災害に弱い人工林

兵庫県岡山県の県境付近で降った大雨の影響で、
十数人の死者が出ている。
原因として、予想をはるかに量の雨が降ったことや、川が急角度で
蛇行する箇所が多く、いくつもの川が合流する箇所が氾濫したと
いった説が出ている。
森林インストラクターの勉強をしていると、水源涵養という言葉を
勉強する。水源として森林が果たしている役割を学ぶのだ。
水源涵養は、水量平準化と水質良化からなる。
水質良化とは読んで字のごとく、水の質が良くなること。
水は土壌が天然のろ過装置となって、不純物を排し、
ミネラルを吸着することによって「ミネラルウォーター」になる。
水量平準化というのは、河川に流れる水の量を平均化することである。
森林に降った雨は、一部は枝葉に捉えられ、残りは幹を通じて
森林内の土壌に吸収される。
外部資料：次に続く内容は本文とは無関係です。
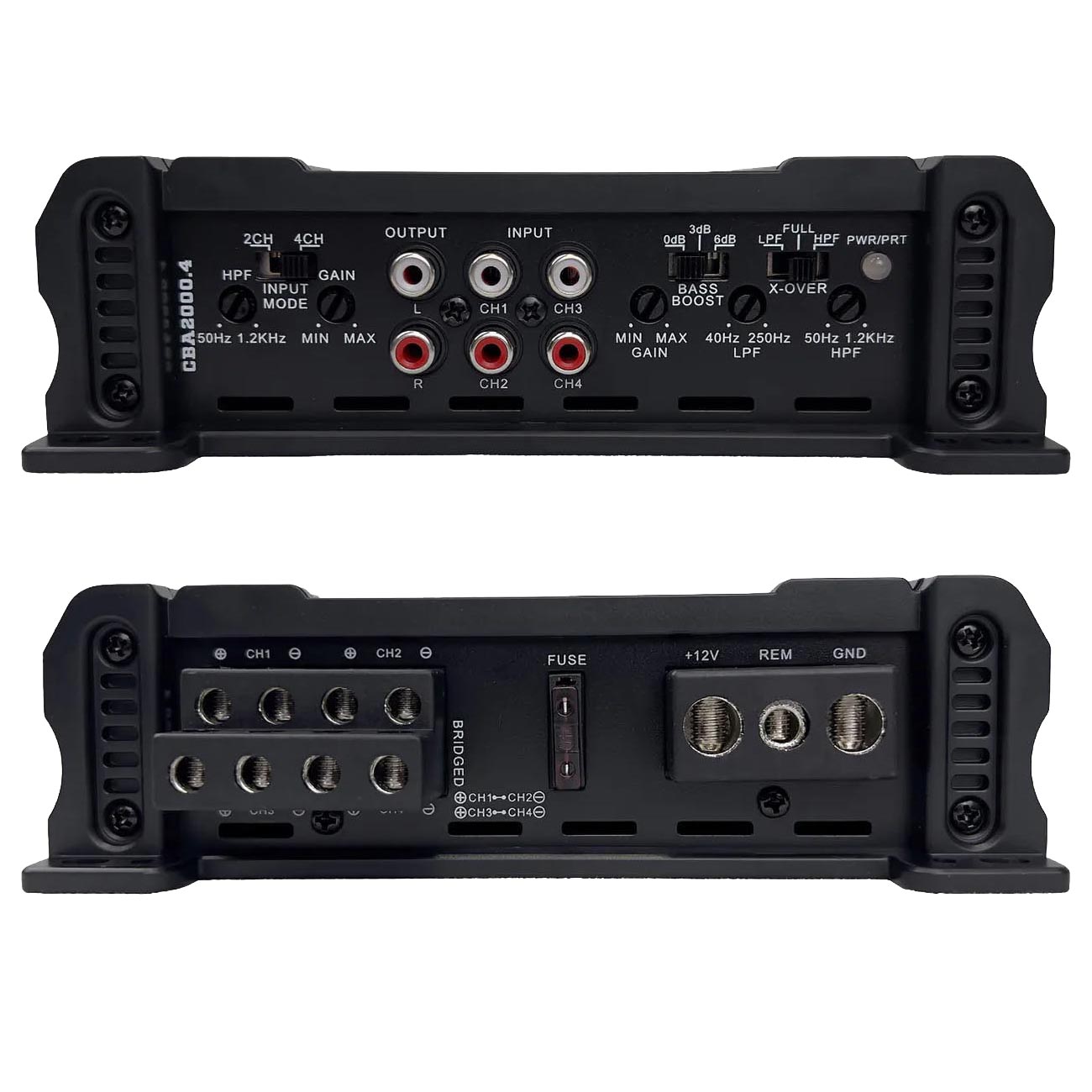 Orion Cobalt Series CBA2000.4 High Efficiency 4-Channel Class A/B Amplifier for Car Audio Stereo - 2000W High Output, 2/4 Ohm Stable, Adjustable Low/High Pass, Bass Boost, MOSFET Power Supply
土壌が吸収する量を超えると地表流となって
地面の表面を流れ、短時間で河川に流れる。
つまり土壌が吸収する量が多ければ多いほど、水害が起こりにくいわけだ。
多量の水を吸収できる土壌というのは、腐食した落葉などが多い
カフカの土である。こうした土をつくるには落葉樹がなければならない。
ところが、日本は戦後、常緑の針葉樹ばかり人工林として植えてきた。
テレビで見る限り氾濫した地域の森林は人工林ばかりだった。
さらに、国内の人工林は、安い外国の木材に勝てず、伐採する時期に
なっているにもかかわらず、切られずにそのままになっている。
するとどうなるか。
枝と枝がくっつき、林内は暗くなる。
林の中の地面にまで光が入らず、植物は育たない。
落葉も少ないので、土壌が流れやすくなる。
しかも針葉樹は広葉樹に比べて根を浅く張るので、
土を根によって土を固める効果も薄い。
そういう条件が重なって災害が起こったのかもしれない。
いまやっと広葉樹を植えようという試みが官民でなされている。
木を切って使わないなら、水を確保したり、災害に強い目的の
森林をつくろうということである。
森林の水の吸収量はダムの吸収量をはるかに上回ることはよく知られて
いるが、その「天然のダム」の質も今後考えていかないといけない。